Seit der Kongresswahl durfte Amerika sich an eine neue politische Rhetorik der Harmonie gewöhnen. Der Sieg der Demokraten zwingt Präsident Bush zu überparteilicher Kooperation.

Seit der Kongresswahl durfte Amerika sich an eine neue politische Rhetorik der Harmonie gewöhnen. Der Sieg der Demokraten zwingt Präsident Bush zu überparteilicher Kooperation. Doch heute kehren die scharfen Töne zurück, der Senat tagt noch mal in alter Zusammensetzung mit republikanischer Mehrheit, der neue konstituiert sich im Januar. Bush will das nutzen, um sich doch noch seinen umstrittenen UN-Botschafter John Bolton und das Abhörprogramm ohne richterliche Genehmigung absegnen zu lassen.

Doch da ist Harry Reid vor, Fraktionschef der Demokraten, bisher Minderheits- und bald Mehrheitsführer im Senat. Der schmächtige 66-jährige Mormone sieht aufs Erste wie ein harmloser Großvater aus. Doch er ist einer der härtesten Kämpfer im Kongress und beherrscht alle Tricks der Geschäftsordnung. Kürzlich verblüffte er die Republikaner bei der Beratung der Antiterrorgesetze. Reid erzwang den Ausschluss der Öffentlichkeit und durchkreuzte so die Absicht, die Demokraten als „weich“ gegen Terroristen vorzuführen. Er sei „der Unscheinbare mit der kurzen Geraden“, heißt es. Und er habe ein „stählernes Knochengerüst“.

Das Leben hat ihn abgehärtet. Er stammt aus dem Bergbaustädtchen Searchlight im Wüstenstaat Nevada und trampte angeblich jeden Tag 65 Kilometer zur High School. Der Vater litt unter Trunksucht und Depression und beging Selbstmord. Das Jurastudium in Washington finanzierte Reid durch Nachtarbeit als Polizist im Capitol. Mit 28 wurde er in den Landtag von Nevada gewählt. Als Vorsitzender der Kommission für Spielcasinos legte er sich mit dem organisierten Verbrechen an; eines Morgens fand seine Frau eine Bombe unter dem Auto. Als Nevada dank des starken Zuzugs, vor allem nach Las Vegas, 1980 einen zweiten Sitz im US-Kongress bekam, gewann Reid die Wahl. 1986 wechselte er in den Senat.

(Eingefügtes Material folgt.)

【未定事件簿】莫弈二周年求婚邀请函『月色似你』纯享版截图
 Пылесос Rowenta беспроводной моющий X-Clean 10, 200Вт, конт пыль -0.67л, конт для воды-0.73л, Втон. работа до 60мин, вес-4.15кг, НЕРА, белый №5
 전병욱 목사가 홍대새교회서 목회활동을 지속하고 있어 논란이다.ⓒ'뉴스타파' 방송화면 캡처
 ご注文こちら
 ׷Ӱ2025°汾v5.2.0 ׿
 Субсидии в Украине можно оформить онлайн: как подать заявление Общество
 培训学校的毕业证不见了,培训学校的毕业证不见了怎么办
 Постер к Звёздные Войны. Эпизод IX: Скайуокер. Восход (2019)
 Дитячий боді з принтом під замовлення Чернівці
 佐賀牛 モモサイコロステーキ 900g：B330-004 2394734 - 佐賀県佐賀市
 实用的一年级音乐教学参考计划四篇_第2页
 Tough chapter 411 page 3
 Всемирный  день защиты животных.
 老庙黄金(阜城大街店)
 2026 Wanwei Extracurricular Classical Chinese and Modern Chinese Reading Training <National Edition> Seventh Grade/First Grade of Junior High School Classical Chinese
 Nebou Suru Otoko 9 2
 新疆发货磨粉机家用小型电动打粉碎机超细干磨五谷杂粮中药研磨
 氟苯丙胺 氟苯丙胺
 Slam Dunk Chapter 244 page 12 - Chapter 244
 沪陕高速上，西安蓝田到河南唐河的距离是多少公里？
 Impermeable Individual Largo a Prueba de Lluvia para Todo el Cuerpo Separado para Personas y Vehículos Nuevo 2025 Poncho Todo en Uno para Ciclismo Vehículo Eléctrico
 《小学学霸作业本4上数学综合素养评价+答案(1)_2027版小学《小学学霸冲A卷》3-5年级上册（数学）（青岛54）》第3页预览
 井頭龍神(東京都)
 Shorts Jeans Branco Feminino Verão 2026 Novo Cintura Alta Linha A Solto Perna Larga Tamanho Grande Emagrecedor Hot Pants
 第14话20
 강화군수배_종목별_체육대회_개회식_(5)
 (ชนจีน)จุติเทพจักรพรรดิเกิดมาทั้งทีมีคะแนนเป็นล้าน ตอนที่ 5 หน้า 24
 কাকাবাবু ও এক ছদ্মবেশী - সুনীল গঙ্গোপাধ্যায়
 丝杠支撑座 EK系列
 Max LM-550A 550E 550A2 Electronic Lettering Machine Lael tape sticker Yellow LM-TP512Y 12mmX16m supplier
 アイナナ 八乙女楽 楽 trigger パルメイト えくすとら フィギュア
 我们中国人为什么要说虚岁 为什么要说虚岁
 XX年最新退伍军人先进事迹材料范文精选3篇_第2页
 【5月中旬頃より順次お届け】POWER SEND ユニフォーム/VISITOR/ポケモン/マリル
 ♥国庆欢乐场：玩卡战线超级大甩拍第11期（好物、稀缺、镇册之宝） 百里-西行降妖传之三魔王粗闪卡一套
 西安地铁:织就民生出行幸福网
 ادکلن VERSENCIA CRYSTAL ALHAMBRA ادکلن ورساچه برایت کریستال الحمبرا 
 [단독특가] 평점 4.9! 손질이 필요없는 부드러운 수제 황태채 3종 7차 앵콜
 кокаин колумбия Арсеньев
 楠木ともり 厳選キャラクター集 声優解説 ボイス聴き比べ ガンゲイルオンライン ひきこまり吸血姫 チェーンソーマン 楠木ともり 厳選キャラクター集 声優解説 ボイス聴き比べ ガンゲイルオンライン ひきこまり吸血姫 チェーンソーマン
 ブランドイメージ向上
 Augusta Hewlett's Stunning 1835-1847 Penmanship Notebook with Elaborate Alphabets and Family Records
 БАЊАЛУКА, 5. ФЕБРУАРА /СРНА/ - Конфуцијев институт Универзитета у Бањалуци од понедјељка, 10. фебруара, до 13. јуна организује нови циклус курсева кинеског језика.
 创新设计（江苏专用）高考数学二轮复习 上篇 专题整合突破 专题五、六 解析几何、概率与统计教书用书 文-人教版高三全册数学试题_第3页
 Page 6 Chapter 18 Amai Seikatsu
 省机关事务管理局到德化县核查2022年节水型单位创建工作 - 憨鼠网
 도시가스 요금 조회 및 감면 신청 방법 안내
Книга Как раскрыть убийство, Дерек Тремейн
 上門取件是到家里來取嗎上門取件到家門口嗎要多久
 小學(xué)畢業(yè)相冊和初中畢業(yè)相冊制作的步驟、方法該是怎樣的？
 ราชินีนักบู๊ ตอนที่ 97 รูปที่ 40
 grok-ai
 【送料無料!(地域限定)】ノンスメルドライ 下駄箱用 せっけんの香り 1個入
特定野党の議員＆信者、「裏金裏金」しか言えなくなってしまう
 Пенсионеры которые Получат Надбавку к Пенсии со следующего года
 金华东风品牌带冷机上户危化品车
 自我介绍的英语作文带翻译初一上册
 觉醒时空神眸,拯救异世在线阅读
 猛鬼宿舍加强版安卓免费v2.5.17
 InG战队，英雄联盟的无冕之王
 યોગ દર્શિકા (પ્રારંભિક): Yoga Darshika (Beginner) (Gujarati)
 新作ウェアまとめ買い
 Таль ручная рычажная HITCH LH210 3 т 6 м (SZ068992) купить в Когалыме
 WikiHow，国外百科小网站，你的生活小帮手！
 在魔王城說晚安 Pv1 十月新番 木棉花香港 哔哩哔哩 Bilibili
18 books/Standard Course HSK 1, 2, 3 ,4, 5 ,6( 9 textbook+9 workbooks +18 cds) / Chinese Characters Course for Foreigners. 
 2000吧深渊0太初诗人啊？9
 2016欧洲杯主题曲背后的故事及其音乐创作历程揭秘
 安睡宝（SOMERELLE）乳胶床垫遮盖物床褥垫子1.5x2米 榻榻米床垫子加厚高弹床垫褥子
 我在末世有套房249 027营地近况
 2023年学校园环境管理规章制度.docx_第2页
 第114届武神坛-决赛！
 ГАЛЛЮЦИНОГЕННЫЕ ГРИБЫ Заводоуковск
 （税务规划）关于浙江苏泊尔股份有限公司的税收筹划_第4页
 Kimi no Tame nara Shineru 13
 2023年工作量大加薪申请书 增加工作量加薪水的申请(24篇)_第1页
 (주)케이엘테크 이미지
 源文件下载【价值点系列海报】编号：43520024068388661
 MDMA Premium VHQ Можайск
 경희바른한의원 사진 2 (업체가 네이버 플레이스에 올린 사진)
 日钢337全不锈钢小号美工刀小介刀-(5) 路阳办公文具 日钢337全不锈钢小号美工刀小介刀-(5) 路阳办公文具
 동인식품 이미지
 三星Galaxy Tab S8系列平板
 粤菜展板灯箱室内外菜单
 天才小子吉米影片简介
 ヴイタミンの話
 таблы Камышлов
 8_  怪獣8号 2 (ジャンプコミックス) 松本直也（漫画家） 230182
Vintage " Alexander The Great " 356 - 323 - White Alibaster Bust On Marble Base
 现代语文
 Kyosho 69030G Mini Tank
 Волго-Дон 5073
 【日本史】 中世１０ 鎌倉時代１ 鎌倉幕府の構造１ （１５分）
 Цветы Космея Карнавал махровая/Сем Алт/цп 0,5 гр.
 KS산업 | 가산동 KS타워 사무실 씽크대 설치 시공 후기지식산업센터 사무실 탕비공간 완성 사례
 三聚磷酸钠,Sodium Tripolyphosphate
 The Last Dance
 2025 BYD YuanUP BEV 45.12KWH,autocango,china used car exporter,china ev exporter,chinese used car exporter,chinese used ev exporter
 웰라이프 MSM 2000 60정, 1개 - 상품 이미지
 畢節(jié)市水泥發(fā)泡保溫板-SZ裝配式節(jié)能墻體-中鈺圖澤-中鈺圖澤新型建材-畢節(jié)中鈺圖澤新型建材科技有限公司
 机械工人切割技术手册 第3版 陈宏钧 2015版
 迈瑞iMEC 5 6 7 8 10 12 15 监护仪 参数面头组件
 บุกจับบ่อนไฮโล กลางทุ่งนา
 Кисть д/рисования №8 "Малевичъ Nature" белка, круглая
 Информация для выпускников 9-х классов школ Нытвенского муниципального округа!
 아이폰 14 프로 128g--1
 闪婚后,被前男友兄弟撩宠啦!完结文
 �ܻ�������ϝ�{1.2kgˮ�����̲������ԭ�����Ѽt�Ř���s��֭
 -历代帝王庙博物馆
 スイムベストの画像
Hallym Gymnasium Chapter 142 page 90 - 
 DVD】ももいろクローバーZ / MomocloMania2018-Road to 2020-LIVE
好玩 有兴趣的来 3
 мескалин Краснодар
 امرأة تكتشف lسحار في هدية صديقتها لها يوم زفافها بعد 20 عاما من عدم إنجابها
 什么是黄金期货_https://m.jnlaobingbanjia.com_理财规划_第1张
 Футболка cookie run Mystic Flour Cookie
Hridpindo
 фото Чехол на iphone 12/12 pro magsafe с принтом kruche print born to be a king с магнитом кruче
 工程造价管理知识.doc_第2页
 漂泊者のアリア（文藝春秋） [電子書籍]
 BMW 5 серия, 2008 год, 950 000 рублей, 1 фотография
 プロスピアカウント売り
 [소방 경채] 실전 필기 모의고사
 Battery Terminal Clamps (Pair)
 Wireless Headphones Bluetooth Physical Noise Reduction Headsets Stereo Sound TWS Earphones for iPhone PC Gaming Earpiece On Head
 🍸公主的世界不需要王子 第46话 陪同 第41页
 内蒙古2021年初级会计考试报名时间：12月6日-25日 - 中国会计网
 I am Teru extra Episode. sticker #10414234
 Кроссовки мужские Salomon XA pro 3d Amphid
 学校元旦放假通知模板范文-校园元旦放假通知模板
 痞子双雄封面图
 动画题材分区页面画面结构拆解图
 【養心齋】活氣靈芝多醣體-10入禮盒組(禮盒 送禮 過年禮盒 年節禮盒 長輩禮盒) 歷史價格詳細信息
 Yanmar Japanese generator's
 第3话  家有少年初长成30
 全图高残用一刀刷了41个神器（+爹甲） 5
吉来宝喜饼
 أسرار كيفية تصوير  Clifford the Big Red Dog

Dreimal haben sie ihn seither für je sechs Jahre wiedergewählt.

Er hat starke Überzeugungen, der Kongress soll die Regierung kontrollieren. Er ist „nicht der Ort für Küsse und Umarmungen.“ Als Mehrheitsführer wolle er „mitunter Bomben werfen, mitunter konziliant sein“. Vor dem Mittagessen mit Bush am Freitag kommentierte Reid trocken, er könne sich nicht erinnern, wann Bush ihn zuletzt ins Weiße Haus eingeladen habe. „Ich hoffe, das ändert sich.“ Er ist ein Skeptiker. Den Wahlsieg hatte er den Demokraten „im Kopf zugetraut, nicht aber im Herzen“. Da wurde er mal positiv überrascht.